Proterozoic cratonic margins are structurally and magmatically complex areas of the Earth’s crust, having undergone one or more orogenic cycles. Syn- to late-orogenic plutonic suites have a profound effect on the stabilization of cratonic margins by enabling the development of a refractory and buoyant subcontinental mantle and/or lower crust from which they were derived. In addition, these intrusive bodies act as isotopic tracers to the underlying lithospheric keel and its intricate and often obscured architecture.

In situ multiple sulfur isotope systematics are a robust and powerful tool for fingerprinting spatially and temporally anomalous signatures found in the crust. When combined, δ³⁴S and Δ³³S have the potential to link source environment and age of a sulfur-bearing mineral.

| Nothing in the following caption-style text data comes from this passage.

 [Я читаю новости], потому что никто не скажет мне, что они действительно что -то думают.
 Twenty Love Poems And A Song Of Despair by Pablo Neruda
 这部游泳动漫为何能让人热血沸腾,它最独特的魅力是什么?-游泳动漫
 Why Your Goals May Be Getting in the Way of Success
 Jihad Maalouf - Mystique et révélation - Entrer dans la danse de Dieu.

Here, we investigate the multiple sulfur isotopic signatures of two syn- to late-orogenic supersuites that form a large component of the Paleoproterozoic Capricorn Orogen of Western Australia: the ca. 1820–1775 Ma Moorarie Supersuite and the ca. 1680–1620 Ma Durlacher Supersuite.

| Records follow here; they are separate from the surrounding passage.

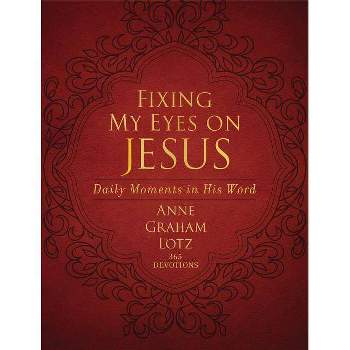 Fixing My Eyes on Jesus - by  Anne Graham Lotz (Leather Bound)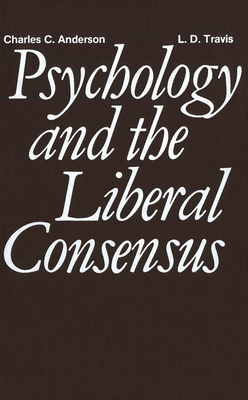 Psychology and the Liberal Consensus - Anderson, Charles, and Travis, L.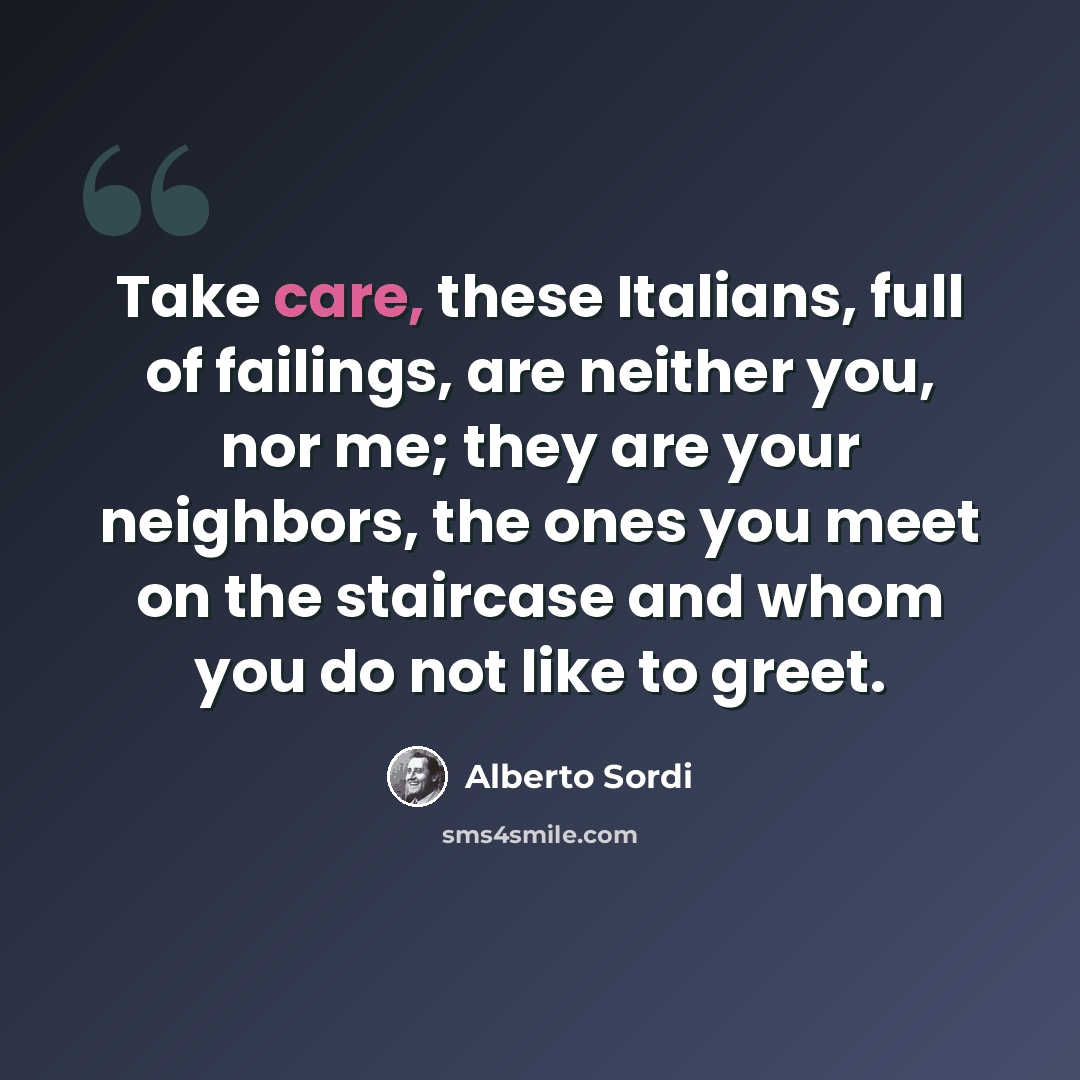 “Take care, these Italians, full of failings, are neither you, nor me; they are your neighbors, the ones you meet on the staircase and whom you do not like to greet.” quote by Alberto Sordi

Results from secondary ion mass spectrometry demonstrate that the magmatic pyrite from the Moorarie Supersuite yields two differing signatures with δ³⁴S and Δ³³S equal to: 1) 3.1–4.8; ~0.00, and 2) 5.1–8.4; 0.1–0.24. This dichotomy is spatially associated with unexposed seismic blocks defined by Johnson et al., (2013).

Multiple sulfur isotope systematics also lend insight into the poorly understood formation mechanisms and sources of syn- to late-orogenic plutonic suites. The Durlacher Supersuite does not preserve sample-to-sample variation (δ³⁴S=5.0–8.3; Δ³³S=0.0), indicating that it crystallized from a widespread and homogeneous source. This is in direct contrast to the systematic δ³⁴S and Δ³³S variation preserved in the Moorarie Supersuite, a feature that we attribute to smaller batch melting of localized and isotopically separate blocks. Lastly, the Durlacher Supersuite contains anomalous within-sample +Δ³³S that we interpret to reflect the entrainment of surrounding Archean crust during diapiric ascent and emplacement. This study is part of a greater effort to investigate how anomalous sulfur isotopic signatures can be transported from metallowell-endowed Archean cratons and fractionated into younger orogenic belts.